Burmese filmmaker, Zaw Bo Bo Hein (pictured below), took home the ​Best Director accolade for his short,​ Sick, which illustrates the predicament of a man’s desperate search for money to settle the hefty hospital bills of his friend who is losing the will to live. The jury shared that the film showcased the quality of great directors with its ability to “combine a clear plan with perfect execution and not lose the tone.” 

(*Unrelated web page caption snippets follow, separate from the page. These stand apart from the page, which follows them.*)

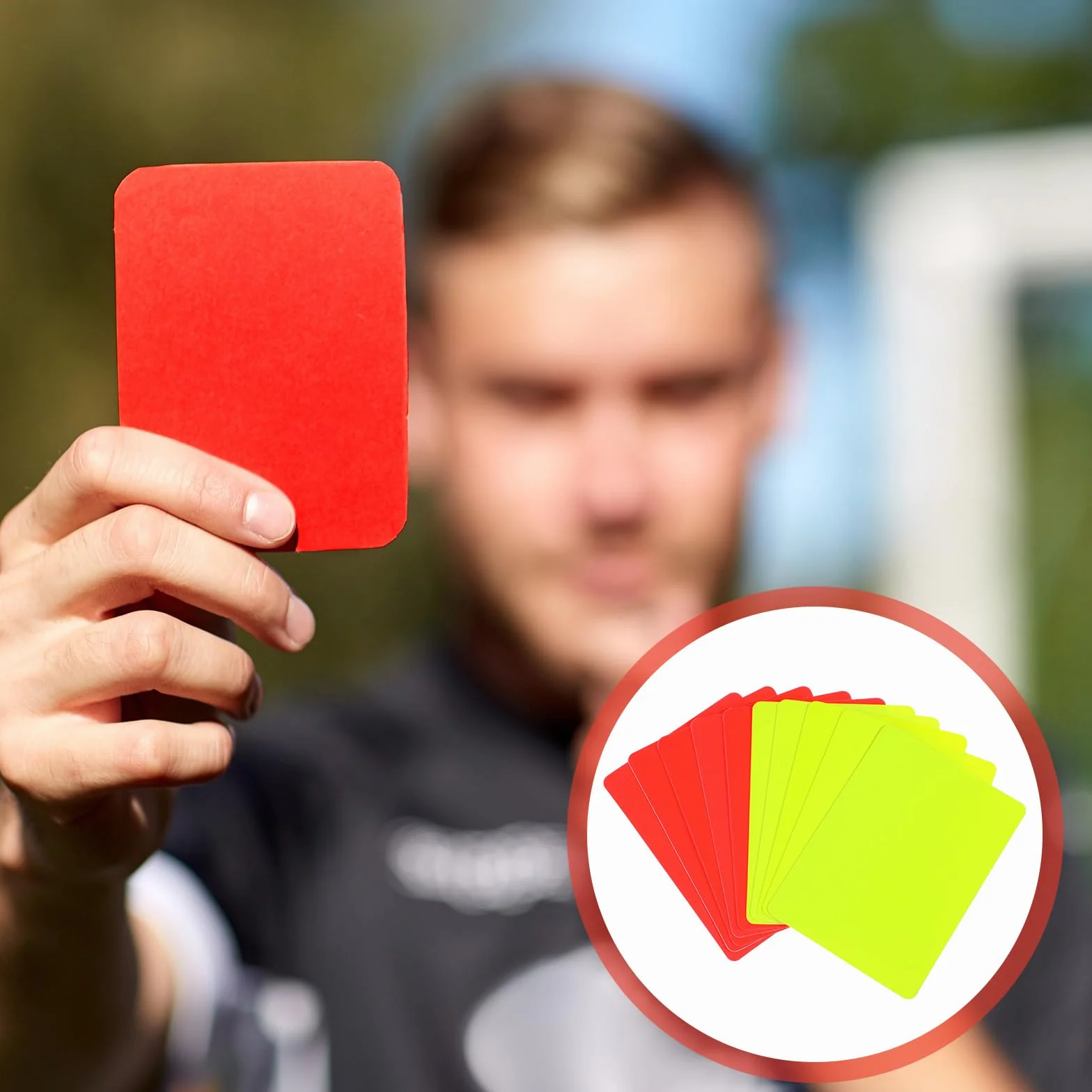 Cobee 10 tarjetas de árbitro rojas y amarillas para fútbol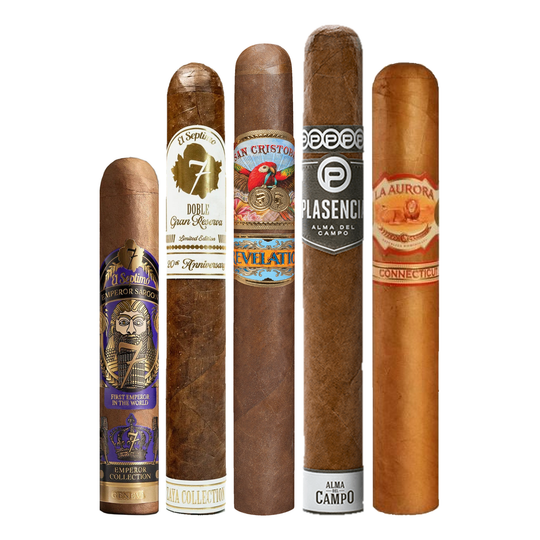 Cigar Inc. The Open Sky Sampler, at Cigar Inc, Woodland Hills, clean product view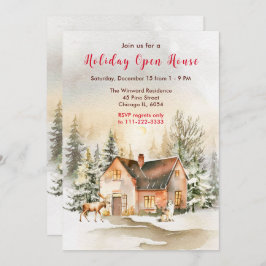 Winterurlaub Hütte Offenes Haus Einladung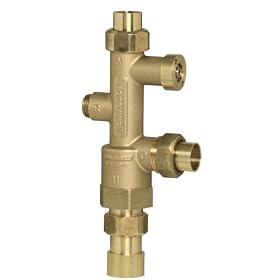 AMX101-US-1 HONEYWELL/SPARCO DIRECTCONNECT THERMOSTATIC MIXING VALVE 3/4inch FNPT INLET - 2- 3/4inch UNIONS SWEAT 90-130F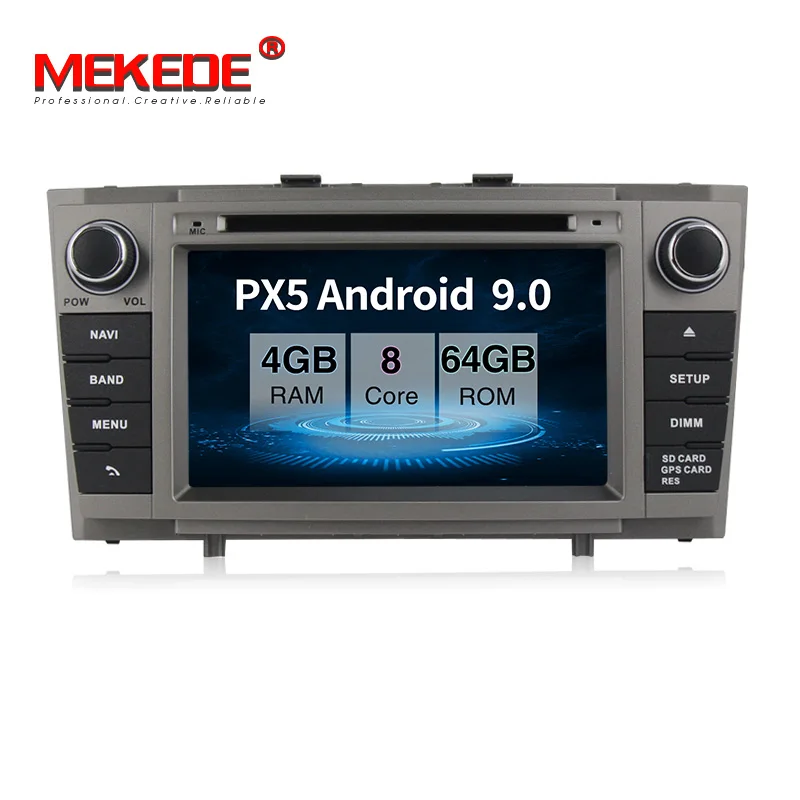 Автомобильный мультимедийный плеер 4 Гб ОЗУ 64 ПЗУ android 9 0 для Toyota Avensis/T25 2008 2013 gps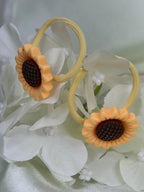 Cheerful Sunflower Hair Accessory Set - 2pc Combo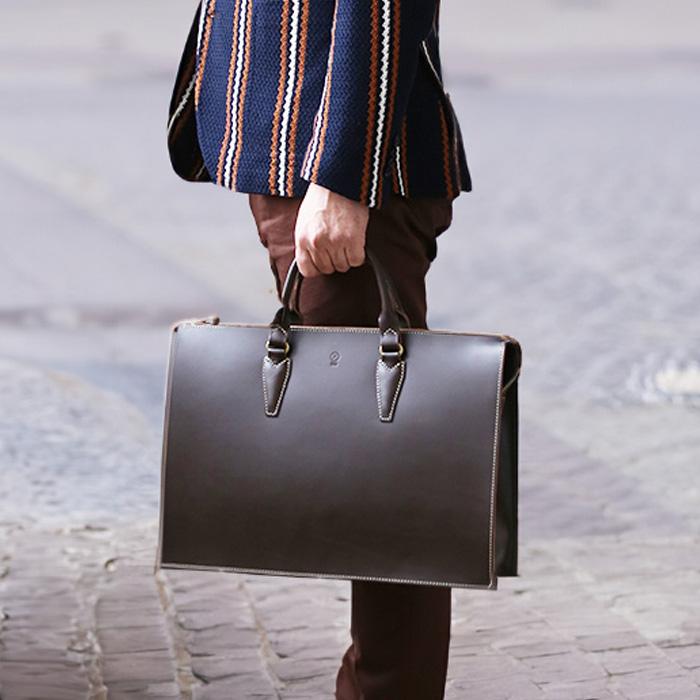 PORCO ROSSO（ポルコロッソ） 本革 ビジネスバッグ ブリーフケース A4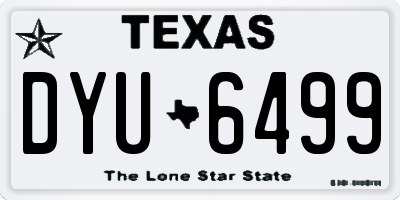 TX license plate DYU6499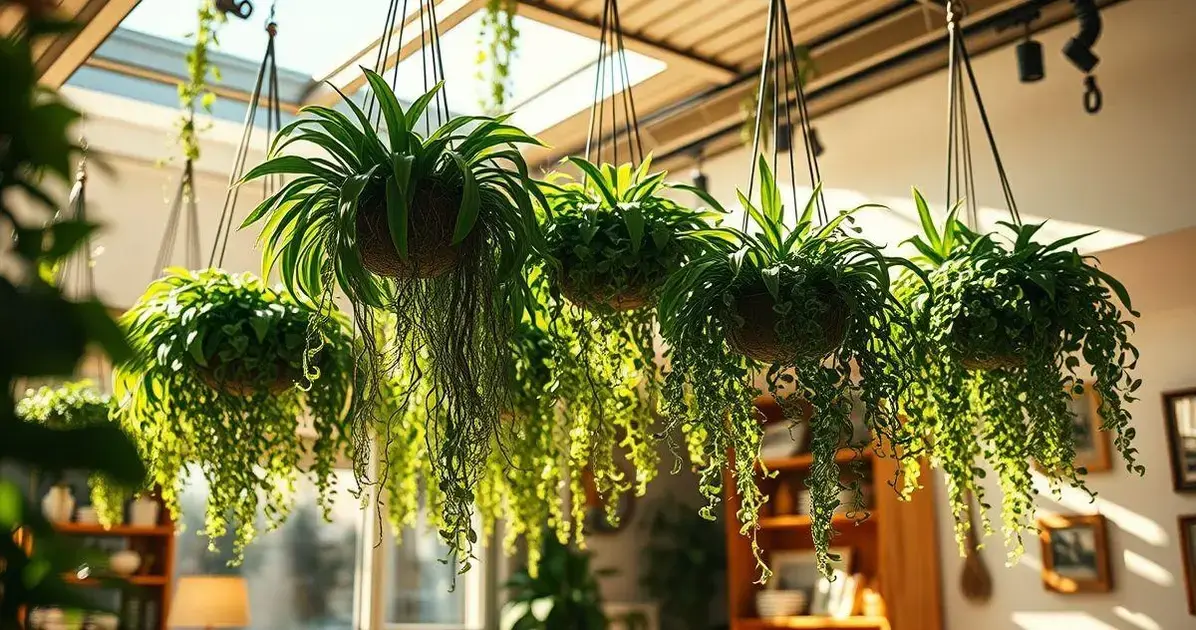 Cuidados Especiais com Plantas Penduradas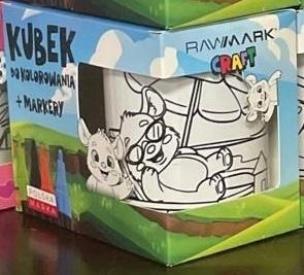 Kubek do malowania z markerami puciek. Wydawca: Rawmark. Multiszop.pl Opakowanie Kubek do malowania z markerami puciek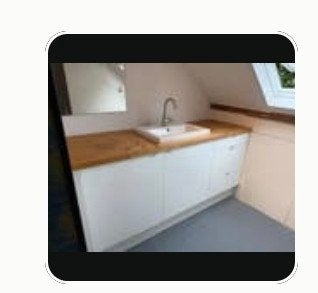 keukenblok ikea met 2 lades 2 deuren / spoelbak en kraan, Caravans en Kamperen, Ophalen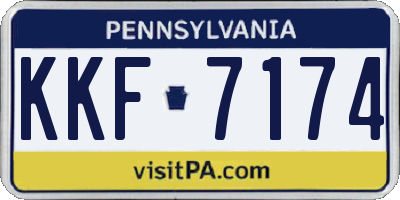 PA license plate KKF7174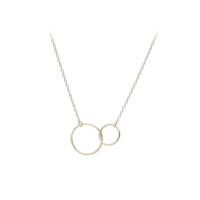 Image of Double Plain Necklace - Silver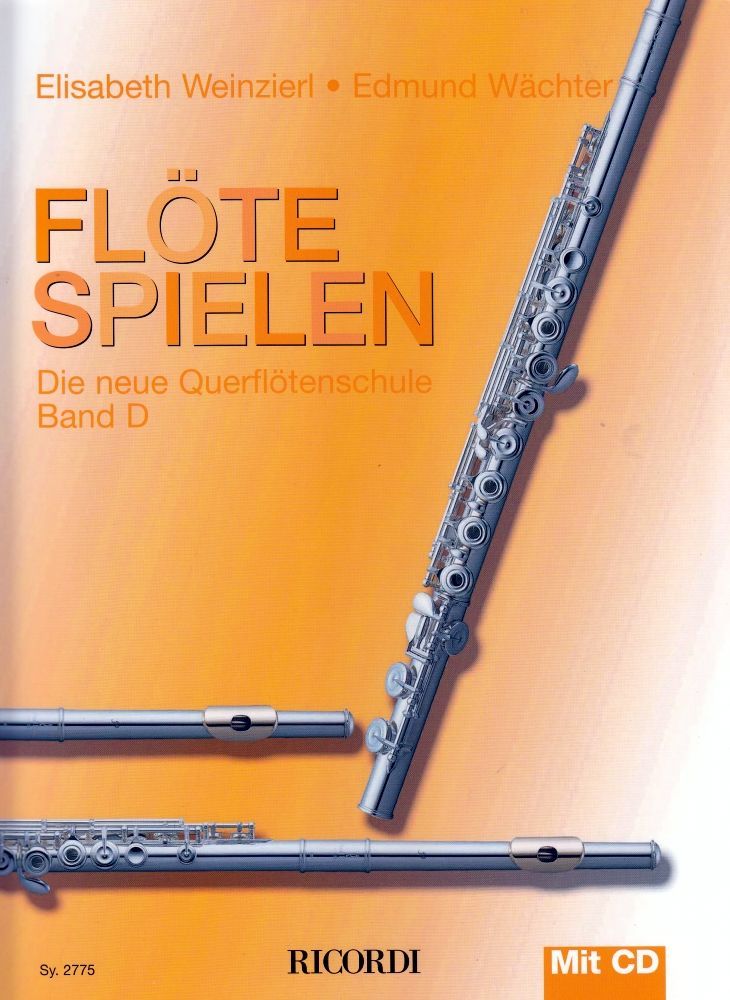 Noten Flöte spielen Band D Querflötenschule Weinzierl Ricordi SY 2775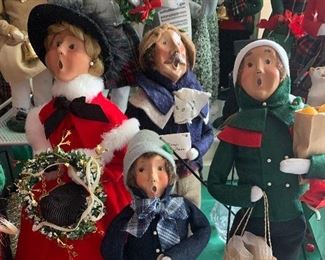 Large collection of Byers Christmas Carolers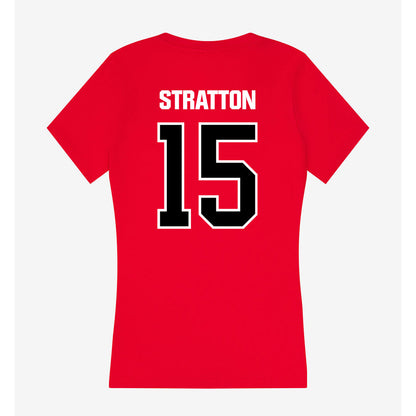 Youngstown State - NCAA Women's Volleyball : Ava Stratton - Women's V-Neck T-Shirt-1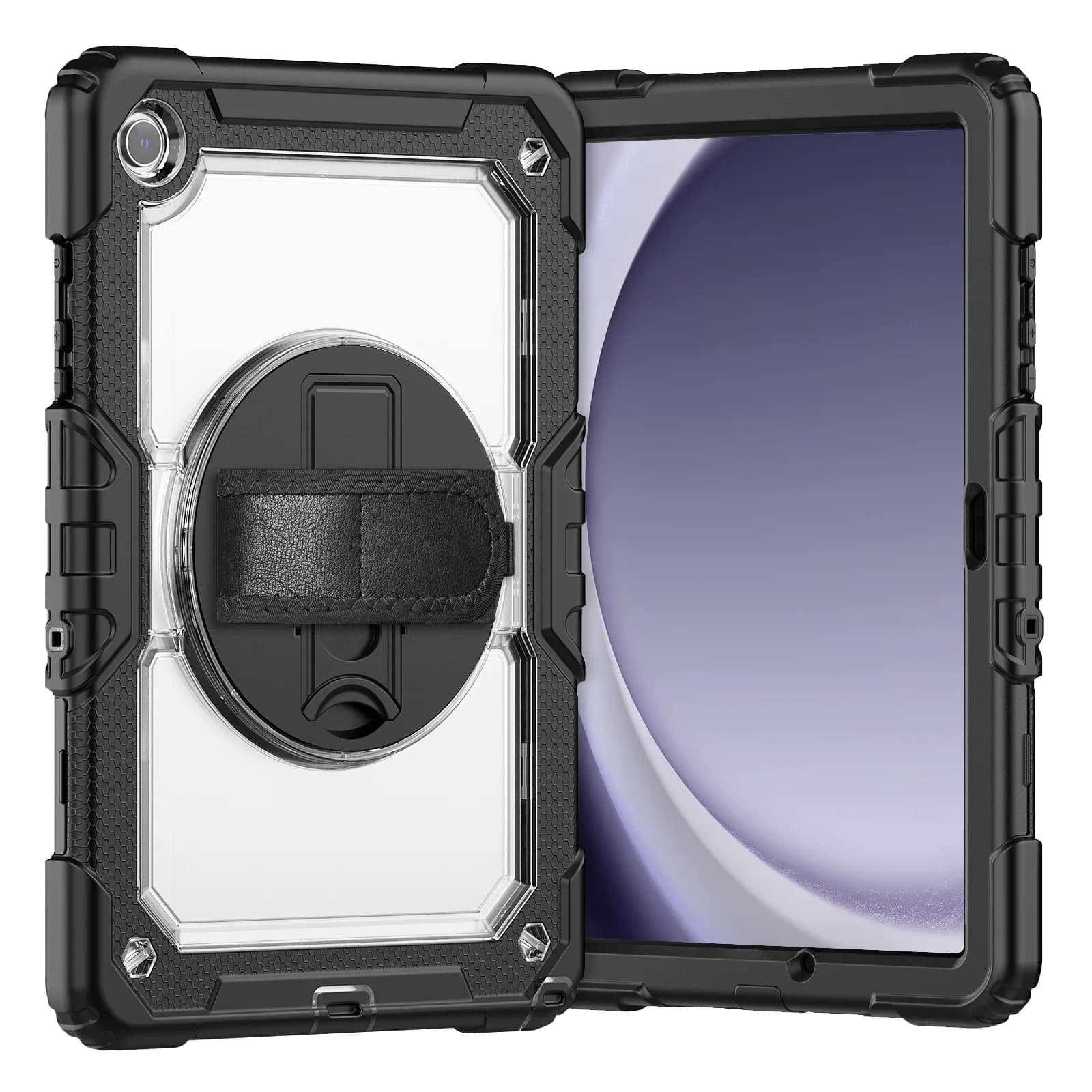 Custodia con impugnatura per Samsung Tab A9Plus A8/A7 S8 S9 Duty antiurto per bambini Tablet Cover PC Pull Ring Stand Tracolla Cover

Competing against three other local talents, Singaporean filmmaker, Shoki Lin stood out and clinched the Best Singapore Short Film ​for his film, ​Adam ​ .​The jury felt that this short on family and identity is an “exceptional film that reveals many deeper layers with an emotional dark rollercoaster through Adam’s journey.” It is also a “local story clearly elevated that will resonate with an international audience.” 

California Dreaming (Soben California) ​ by Cambodian director, Sreylin Meas, received the Special Mention​. Telling a story of two women from different backgrounds and their encounters at an oceanfront resort, the jury felt that the short is “fluid and lyrical”, “ deceptively simple yet so layered” and “succeeded in creating a special moment between strangers.” It is also this “unique female perspective that makes it so universal.” Narrowing down to its technique, the panel also commended the film for its “excellent cinematography, acting and direction.” 


The Southeast Asian Short Film Competition Jury Panel this year was led by award-winning filmmaker Dito Montiel, together with renowned Filipino filmmaker Monster Jimenez and one of Singapore’s pioneer film and television music composers, Joe Ng. 

Sweet, Salty (Ngot, Man) ​ by Vietnamese filmmaker, Duong Dieu Linh, received the​Youth Jury Prize after the deliberation by 15 jurors of SGIFF’s Youth Jury & Critics Programme, who saw the film as a “bittersweet negotiation of womanhood in 21st-century Vietnam.” 

Paying tribute to the master of Japanese cult cinema, veteran Japanese filmmaker Takashi Miike was conferred the ​Honorary Award​, which recognises individuals who have made exceptional and enduring contributions to Asian cinema. Having directed over 100 films, he was 4 known for his unique, eclectic and irreverent genre-bending aesthetics that is innovative and uncompromising. 


Leading Chinese actress, Yao Chen, was also honoured with the refreshed ​Cinema Icon Award​, for her inspiring achievements as a creative force in film. She received the award from Chairman of SGIFF, Sebastian Tan. 


Singaporean director, Tan Siyou (pictured above), received the ​Most Promising Project of the Southeast Asian Film Lab ​for her film,​ Amoeba, which was commended for its “relevance to contemporary themes prevalent amongst the youth in Singapore” and the “fresh perspective of one's journey to self-discovery.” Filipino director, Kristin Parreno Barrameda was also awarded the ​Residency Prize ​for her film, ​Bing.Bong.Bang, ​ “which stood out for its ironic voice on the dichotomy of life and death” and her ability to provide a “fresh and unique perspective on otherwise universal themes.” 

Lee Sze Wei from Nanyang Technological University was presented with the ​Youth Critic Award​ that acknowledges the contributions of young writers to the film landscape.